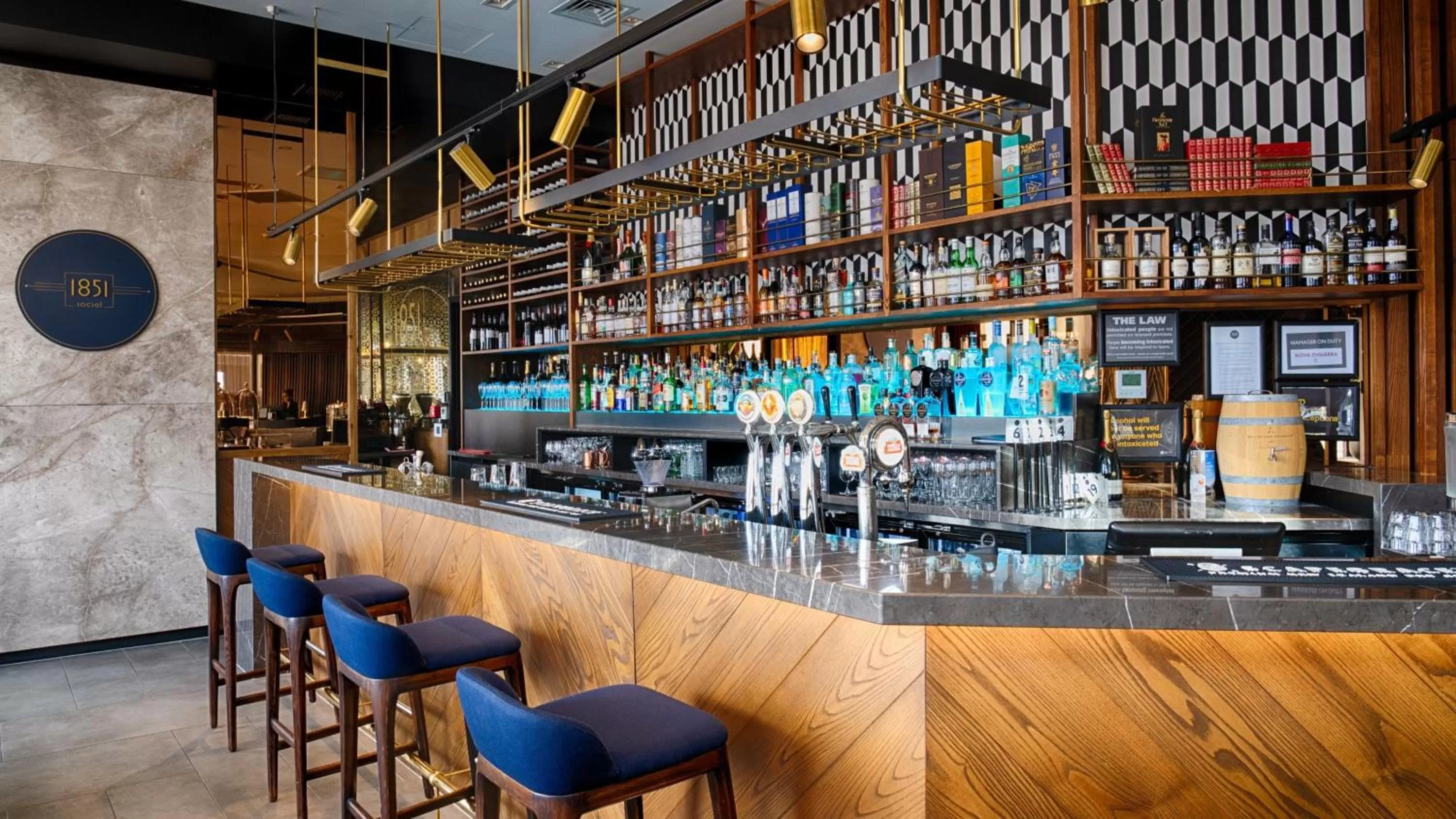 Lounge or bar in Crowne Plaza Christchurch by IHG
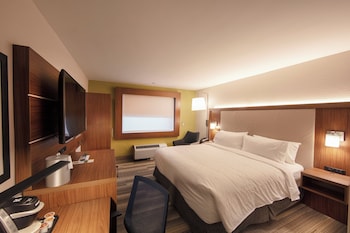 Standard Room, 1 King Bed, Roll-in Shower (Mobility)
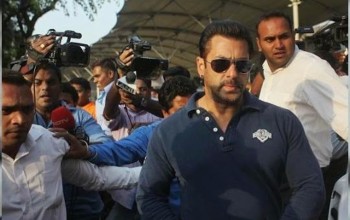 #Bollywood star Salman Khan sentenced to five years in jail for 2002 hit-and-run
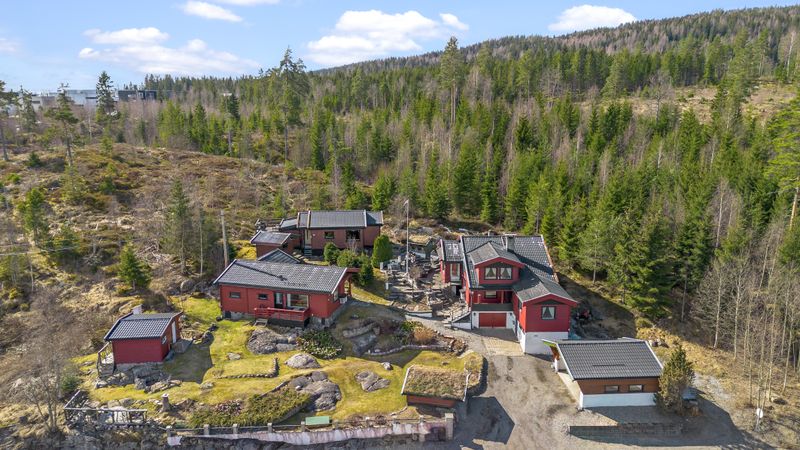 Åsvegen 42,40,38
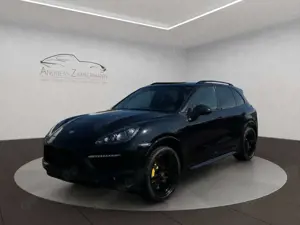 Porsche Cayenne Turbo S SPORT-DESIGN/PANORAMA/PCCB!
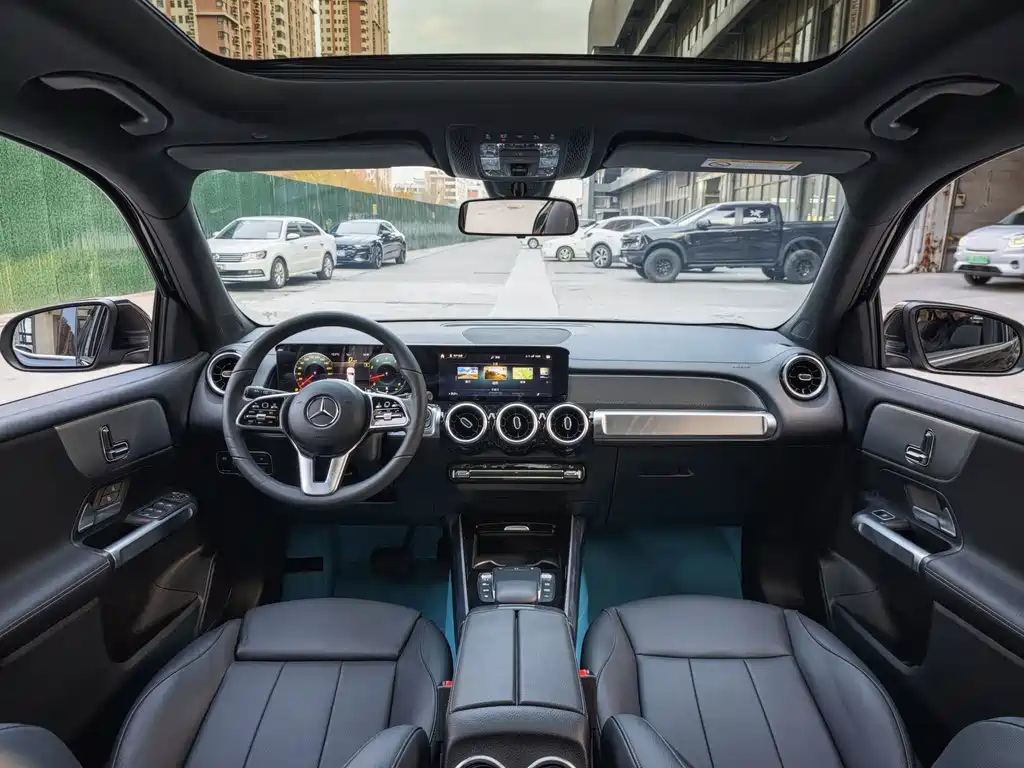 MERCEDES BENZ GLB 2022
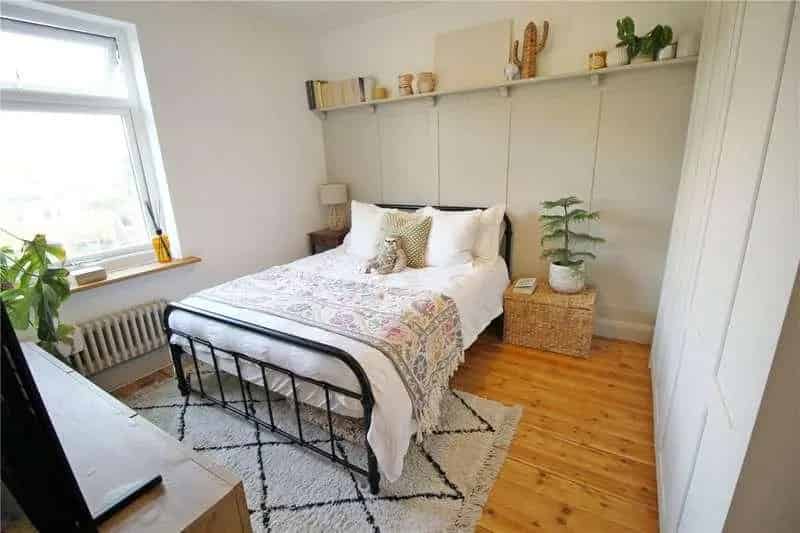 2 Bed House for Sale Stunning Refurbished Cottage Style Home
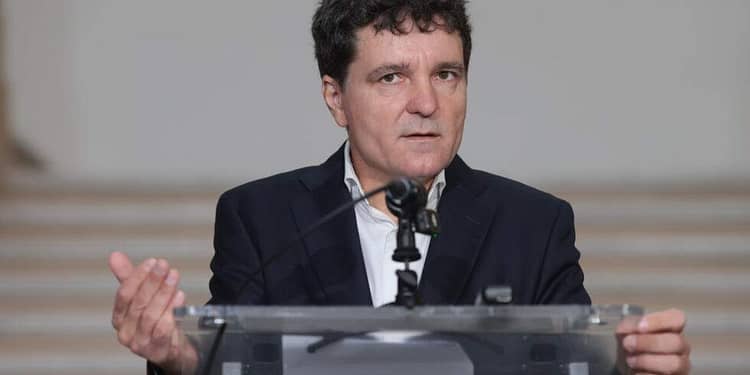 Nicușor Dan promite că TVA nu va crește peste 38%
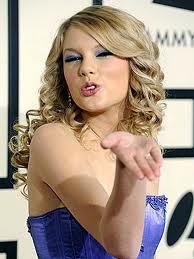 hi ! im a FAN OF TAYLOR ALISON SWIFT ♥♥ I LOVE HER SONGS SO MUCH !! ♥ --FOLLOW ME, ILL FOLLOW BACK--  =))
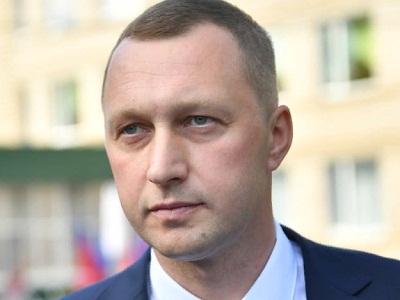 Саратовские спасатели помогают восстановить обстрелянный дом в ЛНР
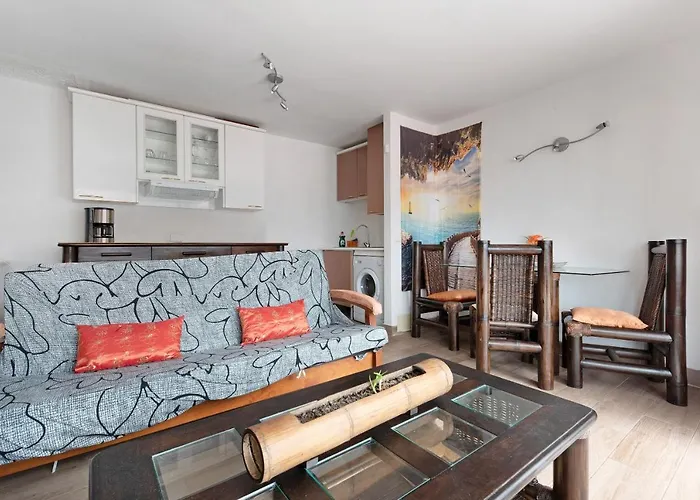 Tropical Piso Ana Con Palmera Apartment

**Assignment**
Restate the records above word for word. Skip every picture.

**Reply to the task**
 Lounge or bar in Crowne Plaza Christchurch by IHG
 Standard Room, 1 King Bed, Roll-in Shower (Mobility)
 #Bollywood star Salman Khan sentenced to five years in jail for 2002 hit-and-run
 Åsvegen 42,40,38
 Porsche Cayenne Turbo S SPORT-DESIGN/PANORAMA/PCCB!
 MERCEDES BENZ GLB 2022
 2 Bed House for Sale Stunning Refurbished Cottage Style Home
 Nicușor Dan promite că TVA nu va crește peste 38%
 hi ! im a FAN OF TAYLOR ALISON SWIFT ♥♥ I LOVE HER SONGS SO MUCH !! ♥ --FOLLOW ME, ILL FOLLOW BACK--  =))
 Саратовские спасатели помогают восстановить обстрелянный дом в ЛНР
 Tropical Piso Ana Con Palmera Apartment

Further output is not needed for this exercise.